Gli scienziati dell’ambiente
sanno che da anni la qualità dell’aria in Friuli e nella Venezia Giulia continua a migliorare; l’inquinamento è in calo continuo. Anche quest’anno i dati dell’Arpa Fvg confermano che, a dispetto dei luoghi comuni, continua a migliorare la qualità dell’aria e le prime valutazioni sul monitoraggio della qualità dell’aria eseguito in Friuli-Venezia Giulia nel 2025 indicano l’anno concluso da poco come un anno buono per la qualità dell’aria ed evidenziano il rispetto degli attuali limiti normativi per gran parte degli inquinanti normati.
Le variazioni che si riscontrano di anno in anno per i vari parametri rientrano nella normale variabilità meteorologica e, in particolare, nel 2025 hanno fatto registrare un netto miglioramento dei valori delle polveri sottili rispetto al 2024 in virtù di condizioni più favorevoli alla dispersione degli inquinanti.
Però l’Arpa del Friuli e della Venezia Giulia afferma che ci sono problemi con il vicino Veneto sia per le polveri fini sia per il benzo(a)pirene delle stufe a legna e pellet.
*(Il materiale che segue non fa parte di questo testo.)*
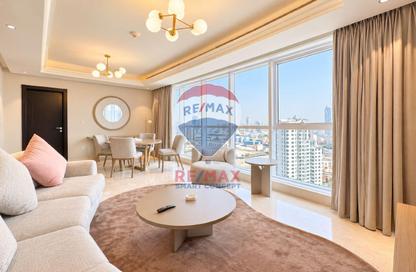 Apartment - 1 - 2 for rent in Leaf Tower - Tamouh - Al Reem Island - Abu Dhabi Apartment - 1 - 2 for rent in Leaf Tower - Tamouh - Al Reem Island - Abu Dhabi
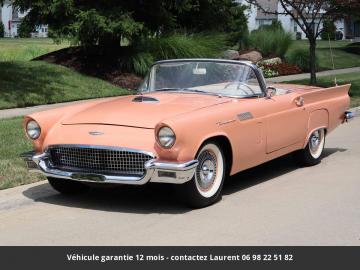 1957 Ford Thunderbird 312 CID V-8 1957 Prix tout compris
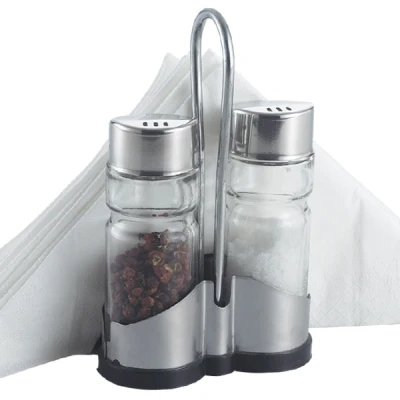 SPL-1610B SÓL + PIPERZ + SERWETNIK + PODSTAWKA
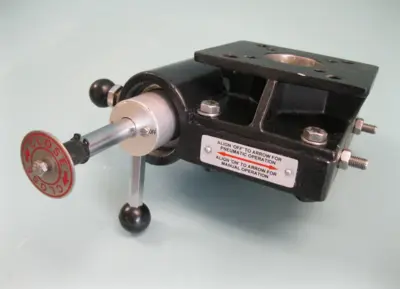 NEW Flowserve RBI125V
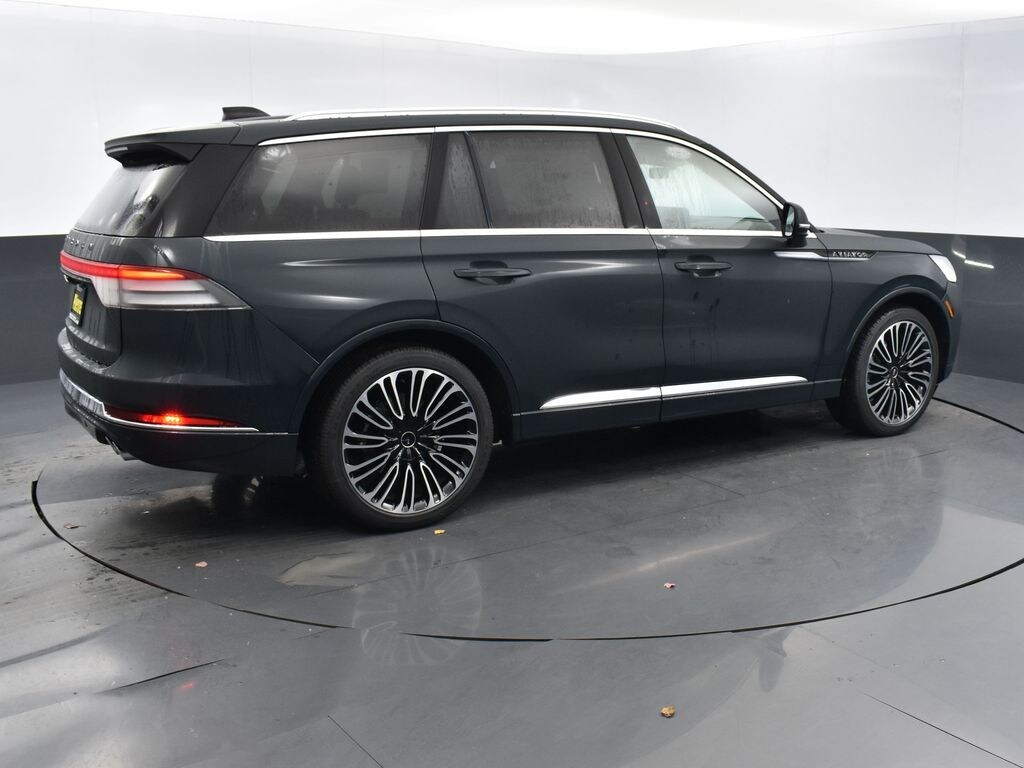 New 2025 Lincoln Aviator Black Label SUV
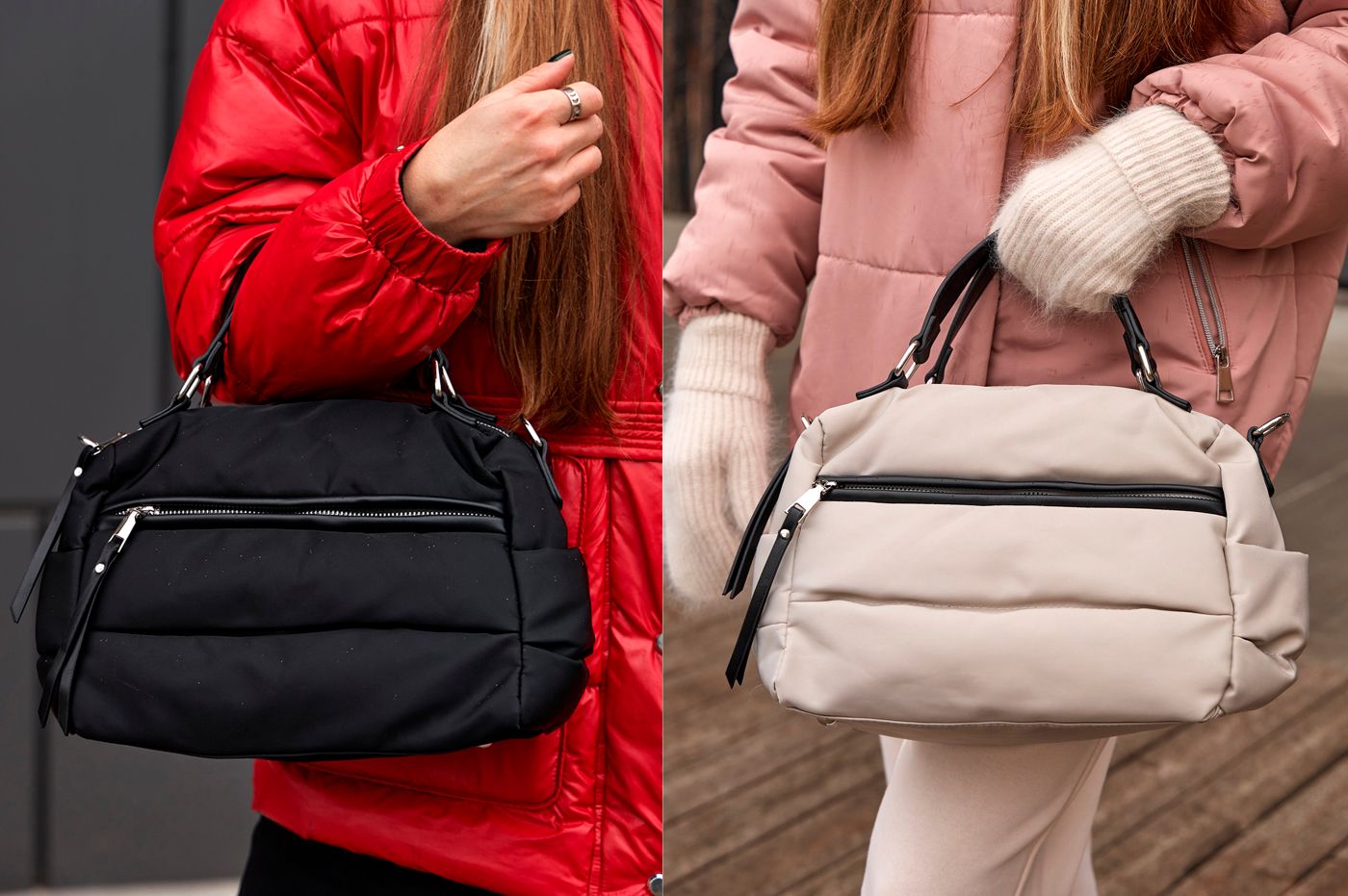 сумки зимние 2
Ecco i dettagli.
Ozono
Per quanto riguarda l’ozono, inquinante caratteristico del periodo estivo e connesso all’intensità dell’insolazione, nel 2025 si riscontra, in linea con i risultati degli ultimi anni, il superamento del valore obiettivo indicato dal D.Lgs. 155/2010 per le stazioni di pianura (25 superamenti all’anno della soglia di 120 microgrammi per metro cubo d’aria relativa alla massima media giornaliera calcolata su 8 ore).
I risultati dei monitoraggi evidenziano in diversi casi una diminuzione del numero di superamenti del valore obiettivo rispetto all’anno precedente, a fronte tuttavia di un maggior numero di superamenti della soglia di informazione (valore di riferimento di 180 microgrammi per metro cubo d’aria per la media oraria).
Polveri sottili
Nel 2025 i valori misurati non hanno evidenziato alcun superamento degli attuali limiti normativi sia in termini di media annuale della concentrazione di Pm10 (limite pari a 40 microgrammi per metro cubo d’aria) e Pm2,5 (limite pari a 25 µg/m³), sia in termini di numero di sforamenti annui della soglia giornaliera per il Pm10 (massimo numero di superamenti consentiti pari a 35).
Per quanto riguarda la distribuzione dei valori sul territorio regionale, in linea con quanto riscontrato anche negli anni passati, il numero dei superamenti è risultato maggiore nelle aree più prossime al confine con il Veneto rispetto alla zona orientale della regione e alle zone di montagna e costa.
Benzo(a)pirene
Per quanto riguarda il benzo(a)pirene i valori osservati nel 2025 sono sostanzialmente in linea con quelli rilevati nel corso dell’ultimo quadriennio, periodo in cui sono stati rilevati i primi superamenti del valore obiettivo, confermando la necessità di continuare con il monitoraggio di questa sostanza, in particolare ai confini con il Veneto e nelle vallate alpine caratterizzate da una bassa ventilazione ed uso di riscaldamento a biomassa legnosa.